By Joy P. Waltemath, J.D.

FEMA’s decision to reimburse two supervisors for their testimony before an ALJ at a hearing on a FEMA worker’s Title VII discrimination charge against the agency, while it refused to “deploy” the disaster assistance worker herself so that she would receive pay for her time and reimbursement for travel expenses (from Texas to Wisconsin) to testify against the agency, was not an adverse action that would support her retaliation claim, the Seventh Circuit concluded. The disaster assistance worker was an intermittent worker, paid only when deployed; the hearing occurred while she was not deployed but was an unpaid “reservist.” Although one of the supervisors who testified also had been on reserve status and was deployed solely to testify, and presumably was paid, the appeals court noted that it was the ALJ’s decision, not the agency’s, to schedule the hearing in Wisconsin, forcing the worker to incur financial costs to attend. Moreover, the agency’s more favorable payment of the supervisors’ time and expenses was not a basis to infer retaliation because the supervisors were not similarly situated. Finally, the agency reasonably relied on its interpretation of regulations to justify its payment of expenses to the supervisors, and the worker could not show pretext (Moreland v. Nielsen, August 15, 2018, per curiam).

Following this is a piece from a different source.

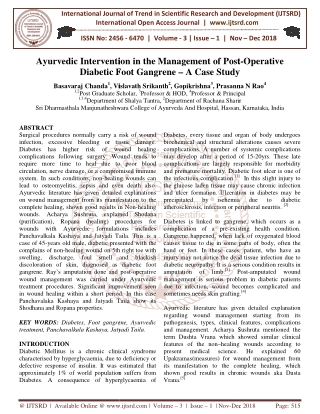 Ayurvedic Intervention in the Management of Post Operative Diabetic Foot Gangrene - A Case Study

No adverse action. In the appeals court’s view, there simply was no adverse action: The worker conceded that she was on reserve status before she attended her hearing in Wisconsin, and she remained in that status afterward. The agency did nothing adverse to her, and the fact she incurred financial costs to attend her hearing was because the administrative law judge, not the agency, scheduled it in Wisconsin. “A reasonable jury could not find that her employer inflicted those costs on her,” said the court.

Not similarly situated. That DHS reimbursed its two agency witnesses, but not her, for testimony-related travel, was also not enough to infer retaliation based on the agency’s more favorable treatment of allegedly similarly situated, non-complaining workers. DHS did not treat the worker worse than any similar employee, explained the court. First, the two were the worker’s supervisors, so the same individual clearly did not manage them all. Second, different decisionmakers made the decisions as to whether or not they would be deployed to testify. The agency attorney defending the case decided to deploy the supervisors, but the head of the Office of Equal Rights decided not to deploy the worker. Without evidence of similar comparators, the worker did not present evidence of a prima facie case of retaliation.

No pretext. Also, even if she had presented a prima facie case, the agency provided an unrebutted and legitimate reason for its actions—its reasonable interpretation of its own uncontested regulations allowing it to deploy and pay for the two supervisors to attend the hearing. The agency relied on 29 C.F.R. § 1614.605, which says that “If the complainant is an employee of the agency, he or she shall have a reasonable amount of official time, if otherwise on duty, to prepare the complaint and to respond to agency and EEOC requests for information.” But the worker was not “on duty” or “in a pay status” at the time of the hearing. The agency conceded that it deployed at least one, and possibly both supervisors solely for the purpose of providing testimony, but another regulation allowed for that deployment. Under 29 C.F.R. § 1614.605(f), “[w]itnesses who are Federal employees, regardless of their tour of duty … shall be in a duty status when their presence is authorized or required by Commission or agency officials in connection with a complaint.” The agency “required” the supervisors to testify, so it permissibly deployed them; the fact that it did not “require” the complaining worker to testify did not make its actions retaliatory.

To show pretext, the worker needed evidence that the agency’s interpretation was not just wrong but dishonest. That she argued the agency could have interpreted its regulations to allow her deployment and did not in order to punish her for pursuing her claim did not make the agency’s interpretation or its regulations unreasonable, “let alone a ‘phony’ or insincere basis for its decisions,” concluded the court. As such, it affirmed summary judgment against the worker’s retaliation claims.